Closed randall-coding closed 3 years ago
Do you have stylesheet_pack_tag
in your view?
https://github.com/rails/webpacker/blob/master/docs/css.md#link-styles-from-your-rails-views
Thanks for the reply.
I did a find_all in my project folder and couldn't find 'stylesheet_pack_tag'. I have <%= stylesheet_link_tag 'application', media: 'all', 'data-turbolinks-track': 'reload' %>
instead, in my layout application.html.erb
That’s it then. By default, CSS gets extracted to a separate stylesheet “pack” file in production. You need to render it in your view.
Ok. I had assumed it was just talking about files referenced with an @import statement in application.scss.
Will give it a shot then.
That worked thanks. I added this line <%= stylesheet_pack_tag 'application' %>
But here is what is kind of bugging me. It seems that the declaration made in the react js file itself is superfluous. I removed the import ./Messenger.css;
line and the css still compiles into the pack.
Therefore I wonder what is the point of the instructions here entitled "Import CSS from JS file" https://github.com/rails/webpacker/blob/master/docs/css.md#importing-css-from-js
It also seems like being able to load the css on demand per component is useful. It could reduce conflicts in the css code.
@Randall-Coding I came across the same scenario where the import
statement in React components seems to not do anything. It's all working correctly if I just do stylesheet_pack_tag 'application'
. Did you find out how to make it work like create-react-app
where we can import the CSS in individual components?
I know importing the CSS files individually does not offer much in Rails since everything is bundled in one application.css
file. So now I'm starting to think why create-react-app
does it that way, since it also bundles everything in one package. Maybe it's used while lazy loading the components? Maybe it lazy loads the CSS as well?
@radiantshaw
Did you find out how to make it work like create-react-app where we can import the CSS in individual components?
I did not find a way to make it work as I had intended. It is bundling everything into one application.css. Maybe someone else knows how to make those import statements work on production.
As I couldn't find much else online outside of this thread thought I'd comment.

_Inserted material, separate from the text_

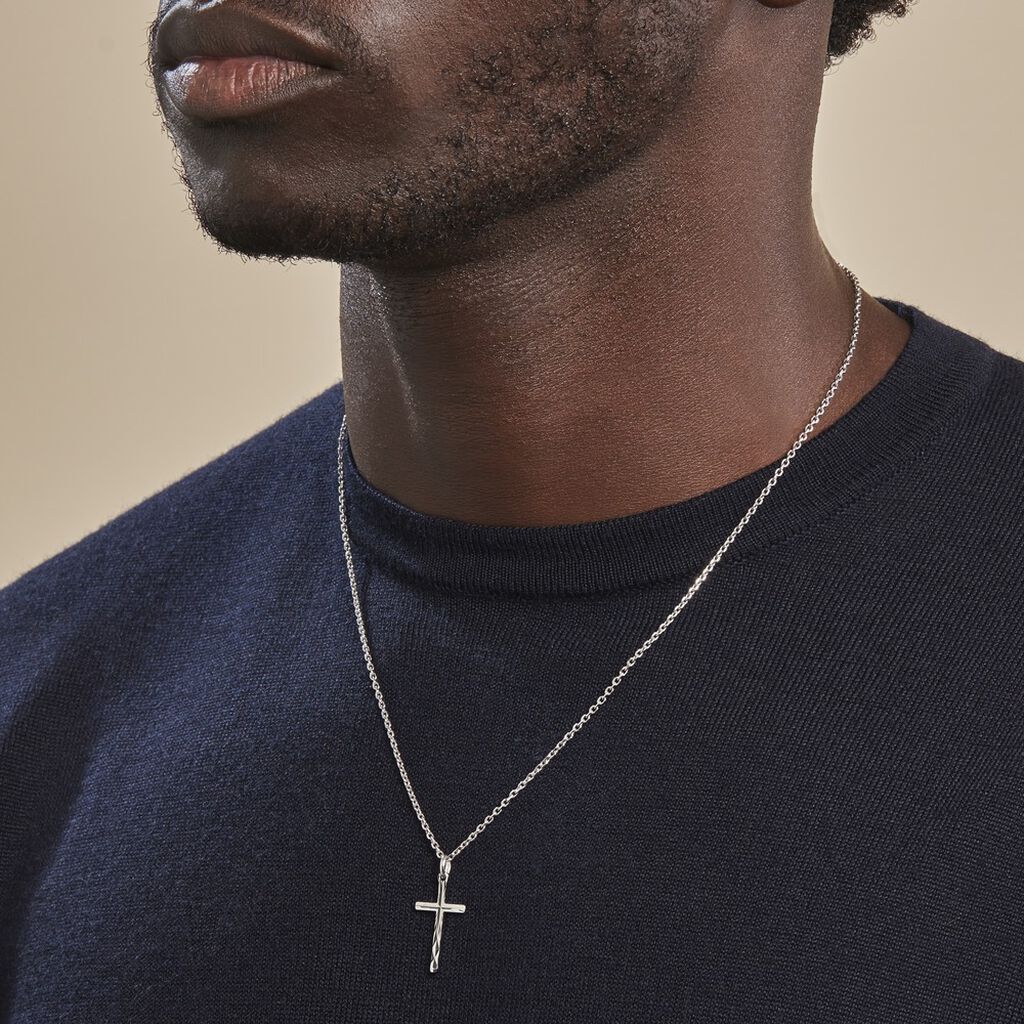 Pendentif Desilia Ciselée Argent Blanc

I had the same issue and using import("path/file.css") not import "path/file.css" in my react components worked as intended. The import "path" method statically imports the exports of another module while the import("path") method dynamically loads modules.

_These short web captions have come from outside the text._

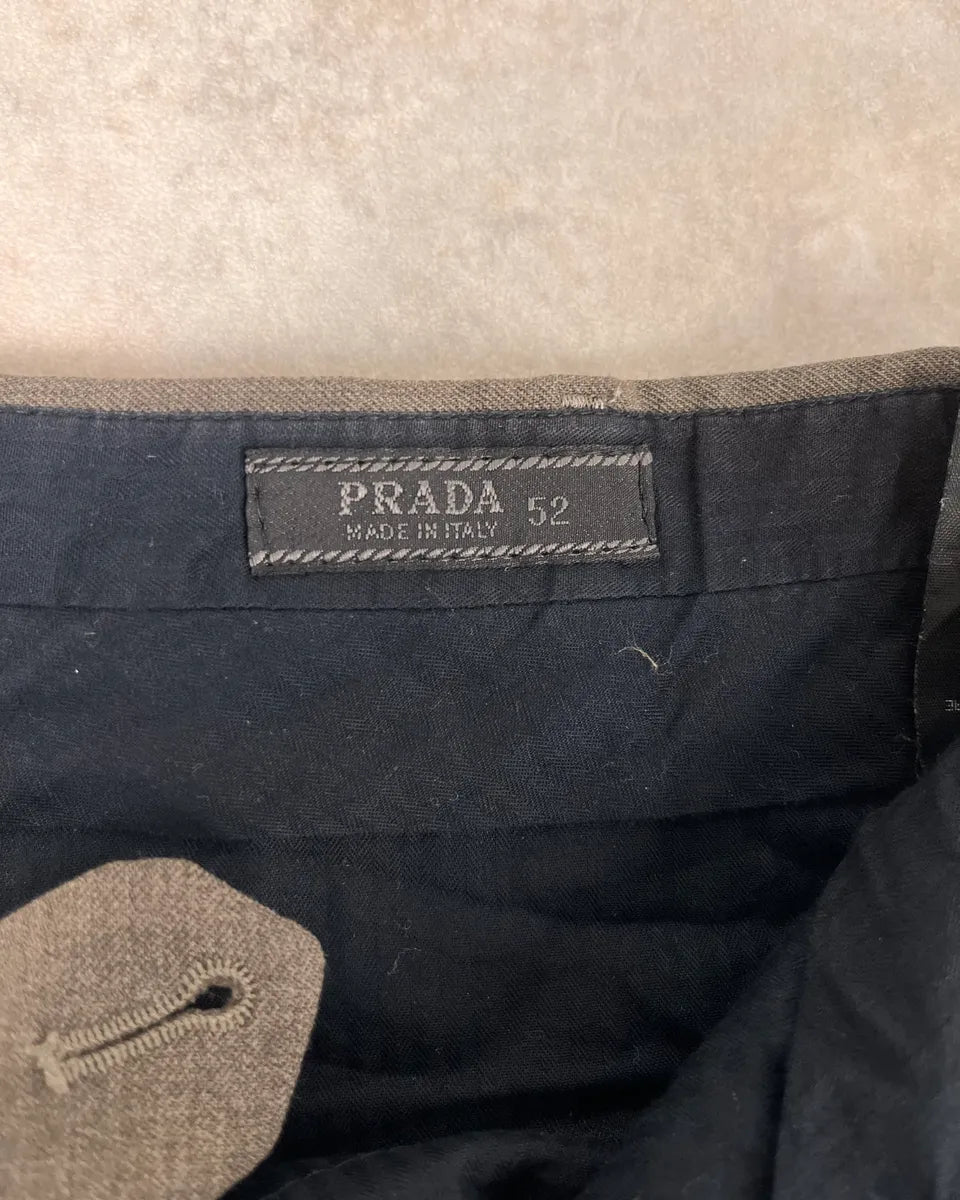 2000s Prada Classic Grey Relaxed Pants TWxQzPO 9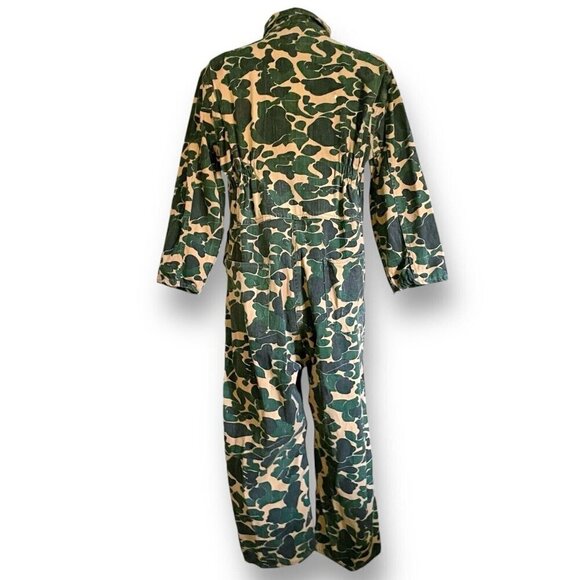 Vintage 1960s Bullseye Bill Mens Hunting Coveralls Sz Large XL Camo Duck Canvas - Picture 9 of 13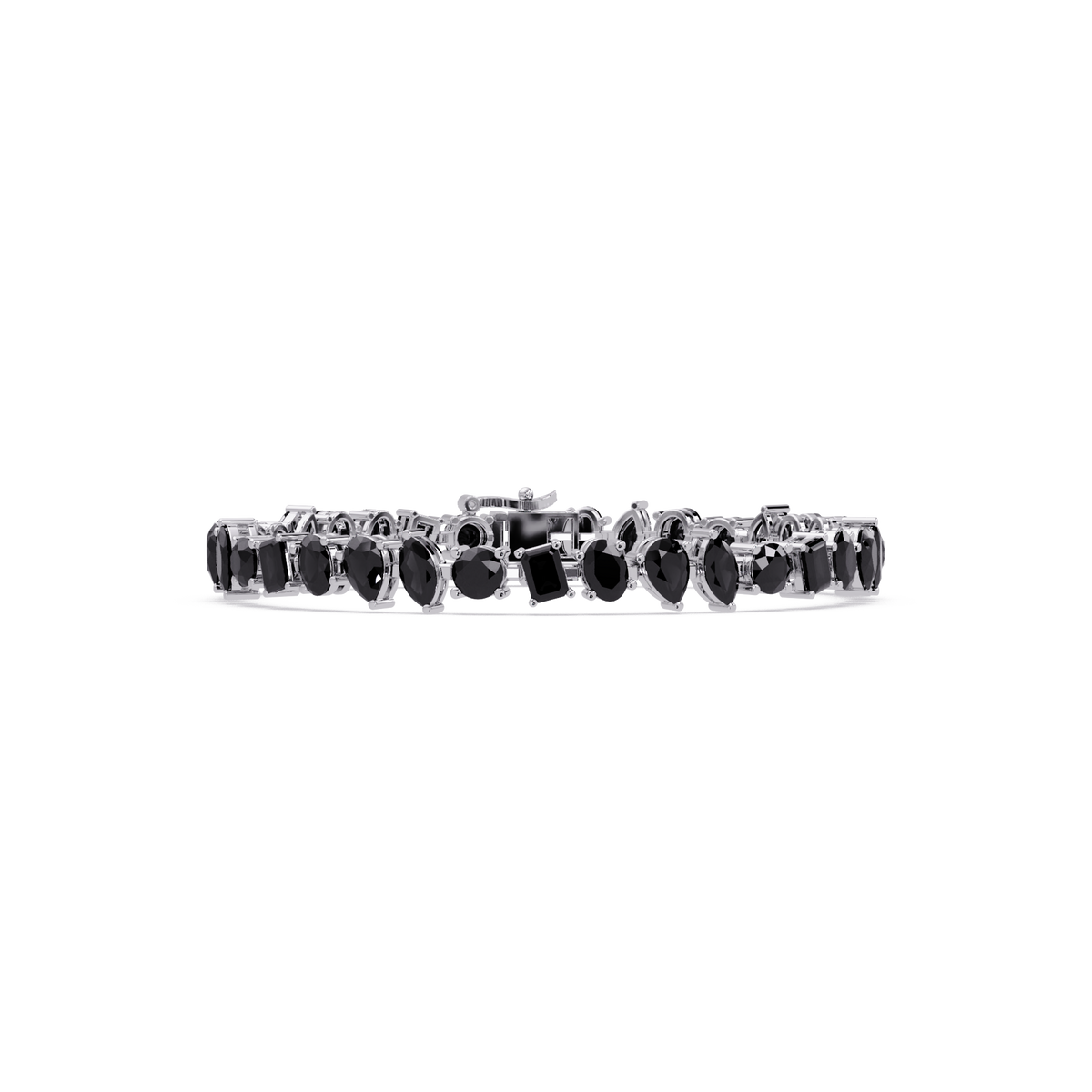 Oval, emerald, marquise, pear and round onyx colorstone tennis bracelet in white gold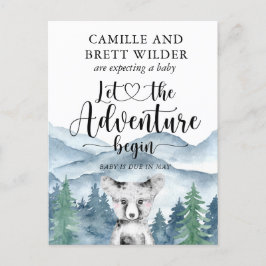 Forest Adventure Mountains Baby shower Zwangerscha Aankondigingskaart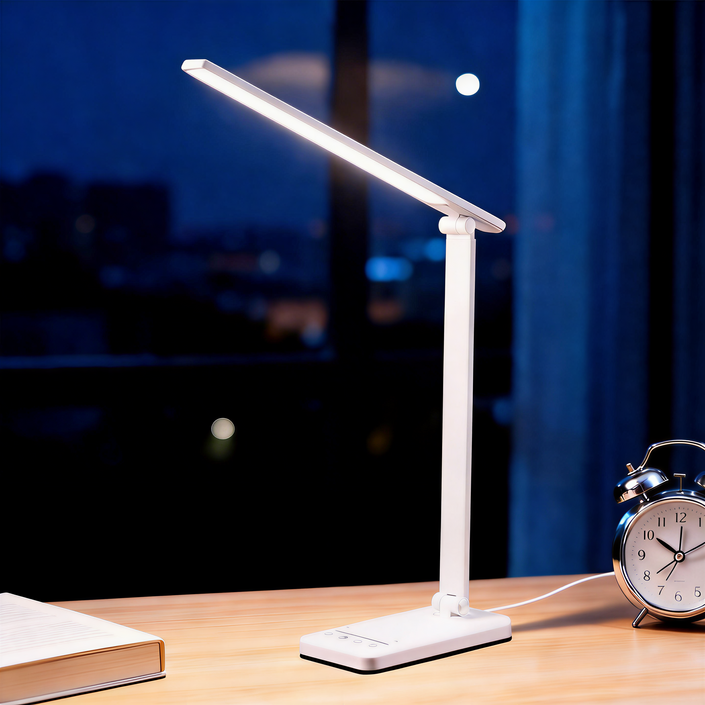 파페피 LED 학습용 스탠드 블루라이트 차단 시력보호 7단 밝기 5단 색온도 조절, 화이트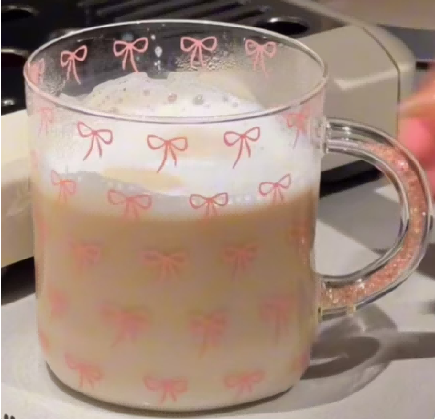 Glass Coffee Mug with Printed Bowknot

Webpacker is integrating Webpack into Rails so it creates packs for use in Rails views. As views are static, it makes sense that it uses a static method once, when compiling, to create packs. Webpacker will even automatically create the pack based on the jsx file name containing import "path/file.css". Unless you tell Rails to output the pack, that module's content isn't going to make it onto the page.
Using import("path/file.css") in the jsx file enables Webpack to load the module when requested.
That's why I think import("path/file.css") works and import "path/file.css" doesn't.
See Webpack Module Methods and note the warning about import() and older browsers.
@poshcock I'm already doing that. Doesn't work for me.
I have react components that are loading css directly into the component as described in your notes here https://github.com/rails/webpacker/blob/master/docs/css.md. Below is a snippet of my code.
That loads my styles fine in development mode, but not in production. The HTML is there but unstyled and there are no js errors in console.